• [What needs to be done]: Return each line of the records holding the string "initiatieven".

• [Data shown]:
====
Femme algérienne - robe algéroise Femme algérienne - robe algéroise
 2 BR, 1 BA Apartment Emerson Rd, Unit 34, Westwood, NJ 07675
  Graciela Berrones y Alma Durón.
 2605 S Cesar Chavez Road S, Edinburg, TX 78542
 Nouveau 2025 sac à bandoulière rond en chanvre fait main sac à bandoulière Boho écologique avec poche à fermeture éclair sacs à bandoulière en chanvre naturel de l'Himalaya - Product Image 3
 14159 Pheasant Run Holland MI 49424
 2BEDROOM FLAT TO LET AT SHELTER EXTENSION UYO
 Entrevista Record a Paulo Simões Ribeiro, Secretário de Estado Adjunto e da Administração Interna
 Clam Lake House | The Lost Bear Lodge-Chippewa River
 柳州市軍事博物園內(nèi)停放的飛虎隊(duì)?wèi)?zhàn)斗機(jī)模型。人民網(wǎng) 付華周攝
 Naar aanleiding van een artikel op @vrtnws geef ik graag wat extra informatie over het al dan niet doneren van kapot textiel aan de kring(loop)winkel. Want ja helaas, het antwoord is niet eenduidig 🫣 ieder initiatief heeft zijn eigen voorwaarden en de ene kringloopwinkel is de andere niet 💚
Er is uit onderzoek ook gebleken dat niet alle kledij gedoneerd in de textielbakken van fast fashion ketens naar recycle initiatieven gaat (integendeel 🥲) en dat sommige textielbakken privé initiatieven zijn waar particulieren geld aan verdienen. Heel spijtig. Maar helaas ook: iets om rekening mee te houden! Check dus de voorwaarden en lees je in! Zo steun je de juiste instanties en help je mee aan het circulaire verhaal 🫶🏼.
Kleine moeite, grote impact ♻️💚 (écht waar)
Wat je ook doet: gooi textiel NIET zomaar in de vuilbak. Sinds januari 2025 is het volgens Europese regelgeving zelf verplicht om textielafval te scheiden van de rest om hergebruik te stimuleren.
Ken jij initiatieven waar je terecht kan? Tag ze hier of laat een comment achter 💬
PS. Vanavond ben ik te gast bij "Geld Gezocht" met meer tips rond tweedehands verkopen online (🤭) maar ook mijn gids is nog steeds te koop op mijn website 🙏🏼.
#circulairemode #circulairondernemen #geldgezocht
====
• [Answer section]:
Er is uit onderzoek ook gebleken dat niet alle kledij gedoneerd in de textielbakken van fast fashion ketens naar recycle initiatieven gaat (integendeel 🥲) en dat sommige textielbakken privé initiatieven zijn waar particulieren geld aan verdienen. Heel spijtig. Maar helaas ook: iets om rekening mee te houden! Check dus de voorwaarden en lees je in! Zo steun je de juiste instanties en help je mee aan het circulaire verhaal 🫶🏼.
Ken jij initiatieven waar je terecht kan? Tag ze hier of laat een comment achter 💬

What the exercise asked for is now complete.